What did Jesus have in mind when he said these words? I believe he is calling us to live in such a way as to put the interests of others before our own.
Loving our enemy is calling us to place his/her interests first. Some might say that this doesn’t work. However, what would it look like for people to agree to let each other live? Is the beginning of love the willingness to let people exist? We can agree that we have differences of opinion on how things should work but should we agree that every human life is precious?
If we want to start close to home, and I would like you to consider this, what would it mean for you to put the interests of your spouse or children ahead of your own?
Let me suggest that it wouldn’t be to give your children whatever they wanted. Rather you would give them what they need, when they need it.

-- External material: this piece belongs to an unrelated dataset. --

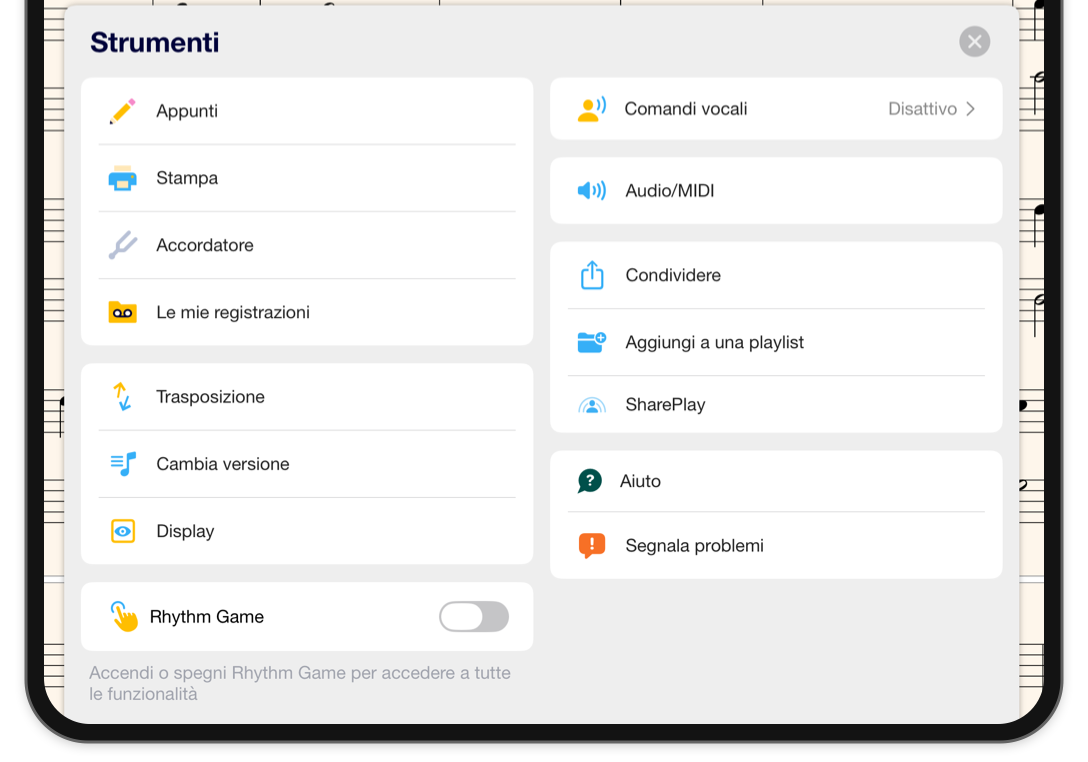 Il menu Strumenti aperto sopra lo spartito in modalità orizzontale, con annotazioni, stampa, accordatore, registrazioni, trasposizione, versioni, impostazioni di visualizzazione e audio.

You would assist them in becoming adults who contribute positively to the world that they live in. This is not handing them everything before they ask. Allowing them to struggle is how they learn.
I have a grandson who didn’t walk until somewhere around 17 months. He was a very compliant, easy-going child. Don’t know where that came from. However, he learned to walk when he wanted to get something and he couldn’t reach it. Did he cry? Yes. Did we all run to give it to him? No. He had to reach out and learn how to walk so that he could achieve something. Would loving him have been to give him everything? No.
Loving our enemies is not about giving them or us everything that we want. Certainly we need to listen and hear what their needs are. Listening well is loving in itself.
I would hope that followers of Jesus are working hard to embrace and live out what it means to love our enemies.
In Canada, it is fairly easy. How are you doing at loving your enemies? In conflict areas of our world it is painfully difficult. Yet many are choosing to love their enemies in the middle of conflict.
Let’s join together to pray for peace in our world and practise it here.